Music Learning, Teaching and Research

Subject MUSI90150 (2016)

Note: This is an archived Handbook entry from 2016.

Credit Points: 12.5
Level: 9 (Graduate/Postgraduate)
Dates & Locations:

This subject has the following teaching availabilities in 2016:

Semester 1, Parkville - Taught on campus.
Pre-teaching Period Start not applicable
Teaching Period 29-Feb-2016 to 29-May-2016
Assessment Period End 24-Jun-2016
Last date to Self-Enrol 11-Mar-2016
Census Date 31-Mar-2016
Last date to Withdraw without fail 06-May-2016

Semester 2, Parkville - Taught on campus.
Pre-teaching Period Start not applicable
Teaching Period 25-Jul-2016 to 23-Oct-2016
Assessment Period End 18-Nov-2016
Last date to Self-Enrol 05-Aug-2016
Census Date 31-Aug-2016
Last date to Withdraw without fail 23-Sep-2016

Timetable can be viewed here. For information about these dates, click here.
Time Commitment: Contact Hours: One 2-hour seminar per week during the semester.
Total Time Commitment:

120 hours (including non-contact time)

Prerequisites: None
Corequisites: None
Recommended Background Knowledge:


Non Allowed Subjects:


Core Participation Requirements:

For the purposes of considering request for Reasonable Adjustments under the Disability Standards for Education (Cwth 2005), and Student Support and Engagement Policy, academic requirements for this subject are articulated in the Subject Overview, Learning Outcomes, Assessment and Generic Skills sections of this entry.

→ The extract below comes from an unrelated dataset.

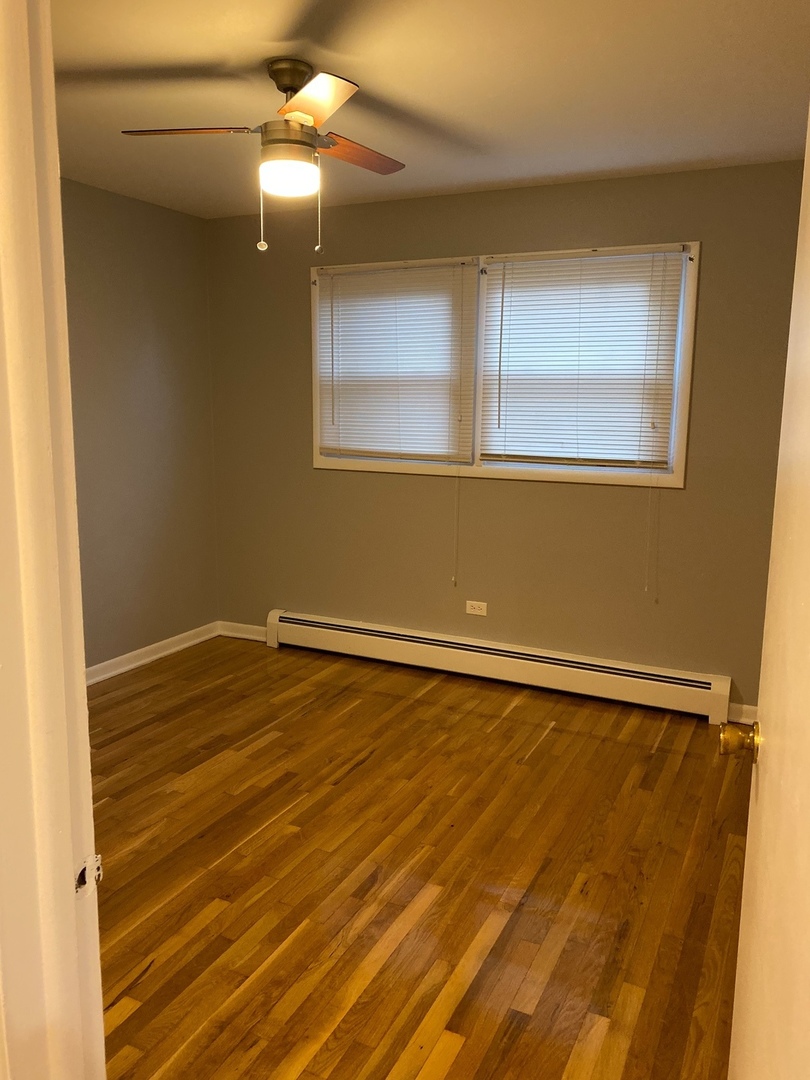 2290 182nd Place Lansing, IL 60438 - Photo 17 of 23 a view of an empty room with window and wooden floor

It is University policy to take all reasonable steps to minimise the impact of disability upon academic study, and reasonable adjustments will be made to enhance a student's participation in the University's programs. Students who feel their disability may impact on meeting the requirements of this subject are encouraged to discuss this matter with a Faculty Student Adviser and Student Equity and Disability Support:


Mr Ian Godfrey


Ian Godfrey

Subject Overview:

This subject provides students with an overview of the various factors that influence the provision of an effective music education for young people. This includes historical, philosophical, psychological, sociological and methodological factors that provide a context for instrumental music teaching. Students are introduced to a wide range of music teaching methodologies that their own future pupils are likely to have experienced: these are the Dalcroze, Orff, Kodály, Suzuki, Yamaha, Musical Futures, Wider Opportunities, SingUp and other contemporary approaches, including the applications of information and communication technologies to music learning. Students will be introduced to the role of the music teacher as a researcher with an overview of the nature of scholarly and practitioner-based research, the major paradigms, methods and data collection / analysis techniques, and reporting / dissemination conventions that apply to music performance learning and teaching.

Learning Outcomes:

On completion of this subject, students should be able to:

  • demonstrate an understanding of and critical responsiveness to a variety of historical, philosophical, psychological, sociological and methodological (including technological) factors that shape students’ learning, learning experiences and educational outcomes; and
  • demonstrate an awareness of the potential role that music performance teachers may have as educational researchers, and acquire skills and knowledge regarding the nature of educational enquiry in the area of music performance together with the principles and methods that may facilitate research in a variety of music performance educational settings.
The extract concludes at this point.